In two styles with short or long sleeves, version one has mock front shaping and pockets, the second version a plainer dress with optional belt, with the bottom skirt full of ruffles and a small bag,

I have given instructions on different methods on how to use various types of the scarf yarn

The sizes and requirements are detailed below

To fit 
18 - 20 - 22 inch chest

Dress and Bag

2 - 2 - 2 100grm balls Dk Main

1 - 1 - 1 Ball of Ice Salsa Scarf Yarn/Katia Guipur Lace or similar

Belt

1 - 1 - 1 Small amount of DK contrast

Pair of each 3.25mm, 4mm and 4.50mm needles 
5 Buttons for back 
2 buttons for belt 
8 buttons for front embellishment 
Belt Buckle (Optional) 
Embellishments (optional)

The pattern is available from my website and the cost is £2.99 approx $5.25 US

http://www.ravelry.com/patterns/library/clementine-dress-knitting-pattern

http://www.etsy.com/uk/listing/194585245/clementine-dress-knitting-pattern?


----------



## Katsch (Mar 15, 2011)

This is absolutely darling. I bought the pattern. I have little girls in Nicaragua that I knit and crochet for and they love dresses. I will use a cotton blend with the ruffle yarn. Perfect!


----------



## maybebabydesigns (Dec 11, 2012)

Thank you for your purchase 



Katsch said:


> This is absolutely darling. I bought the pattern. I have little girls in Nicaragua that I knit and crochet for and they love dresses. I will use a cotton blend with the ruffle yarn. Perfect!


----------



## Maltova (Jun 24, 2014)

What a profilic designer you are! And all your designs are so unique.


----------



## laurelarts (Jul 31, 2011)

Gorgeous!!!


----------



## belleflower (Apr 23, 2013)

Its amazing what you can do with netted yarn. I really enjoy working with that yarnxx


----------



## amudaus (Nov 8, 2011)

These are gorgeous.Love the design and use of the ruffle yarn.You are a fabulous designer.


----------



## Gypsycream (Nov 23, 2011)

How adorable!! expecting my first granddaughter really soon so I'll have visit your page


----------



## kmangal16 (Mar 26, 2013)

Gorgeous pattern.
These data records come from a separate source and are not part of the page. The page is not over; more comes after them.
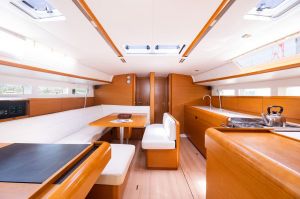 Sun Odyssey 440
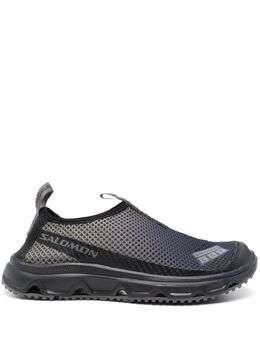 Salomon: Чёрные кроссовки 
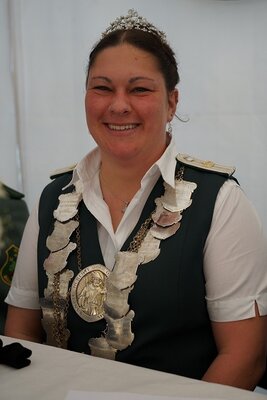 Unser "Sch&uuml;tzenk&ouml;nig 2023/24": Tanja Deinert  (Bild vergr&ouml;&szlig;ern)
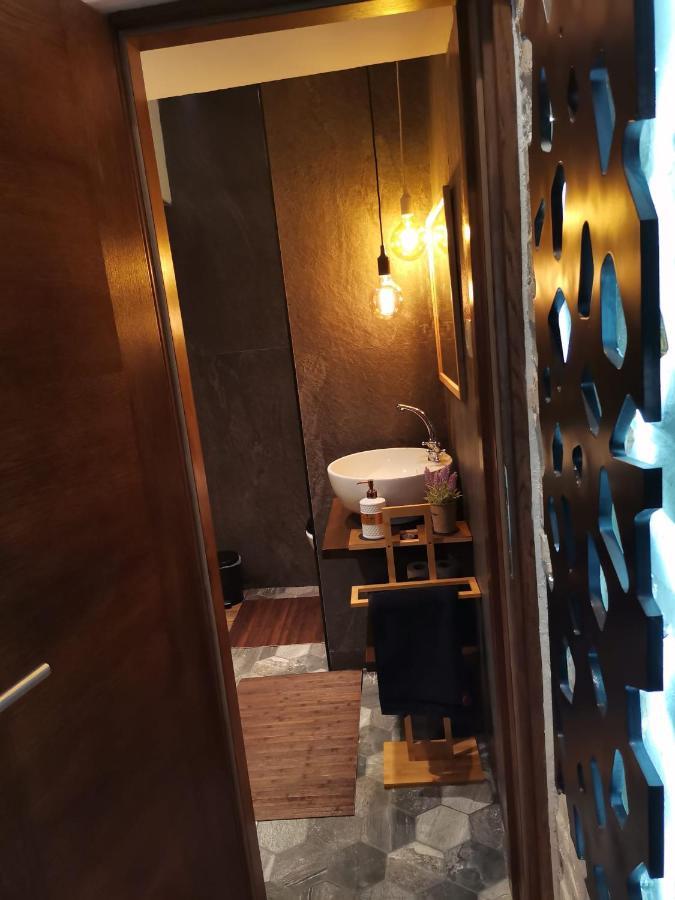 Studio Apartman Black & White Centar Sarajevo Free Parking Ngoại thất bức ảnh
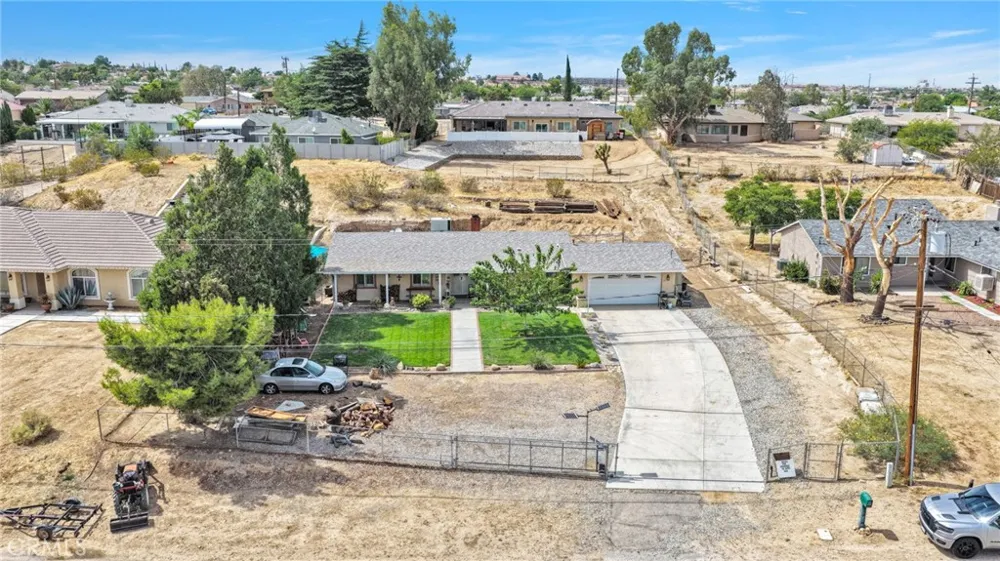 11846 Ivy Avenue Hesperia, CA 92345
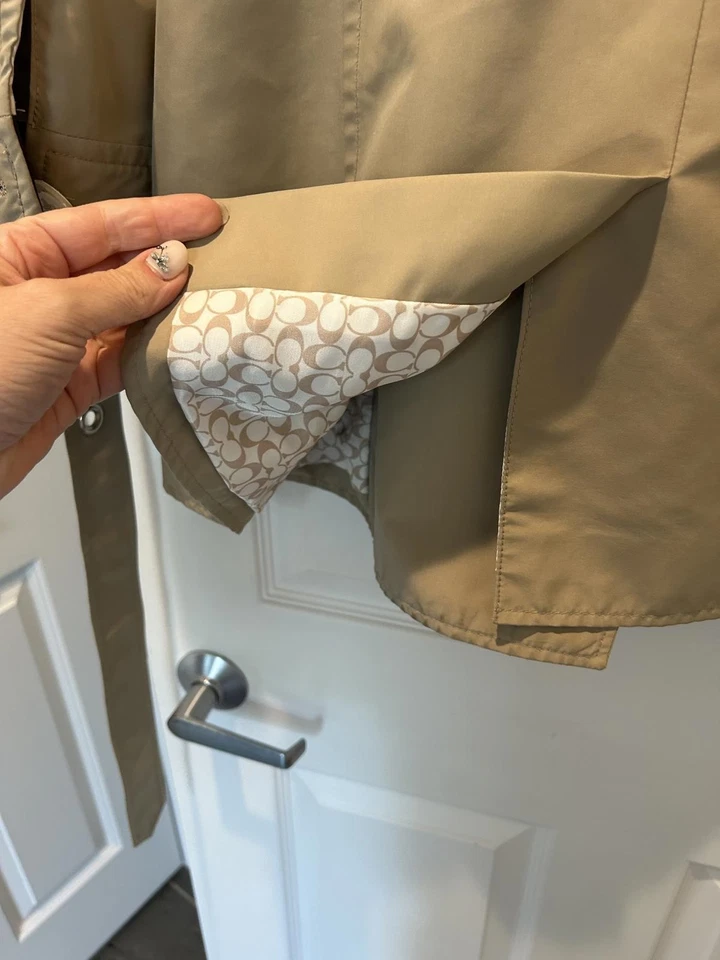 Gabardina para mujer Coach caqui de doble botonadura Foto 4 de 4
Thank you. I just bought it. :-D

Sheila


----------



## RosD (May 24, 2014)

They are both beautiful &#128158;


----------



## peacefulknitter (Mar 30, 2013)

Very cute designs


----------



## Rainebo (Apr 22, 2012)

There HAS to be a party somewhere! These ladies looked ready and dressed for it! So pretty!


----------



## whitelawcs (Sep 12, 2011)

Cute!


----------



## tat'sgran (Dec 13, 2011)

Sweet use of the ruffle yarns and which little miss does not adore a ruffly skirt? xo


----------



## Knittingkitty (Sep 25, 2011)

Love both dresses!


----------



## dollydollydolly (Jul 15, 2013)

These dolls are amazing, do you have information on them, manufacturer, size, styles, etc?


----------



## SouthernGirl (Dec 28, 2011)

That is adorable and so cute.


----------



## oge designs (Aug 14, 2012)

Gorgeous little dresses, very cute


----------



## janie48 (May 18, 2011)

I love your pattern, just bought it. Your babies look lovely as always.


----------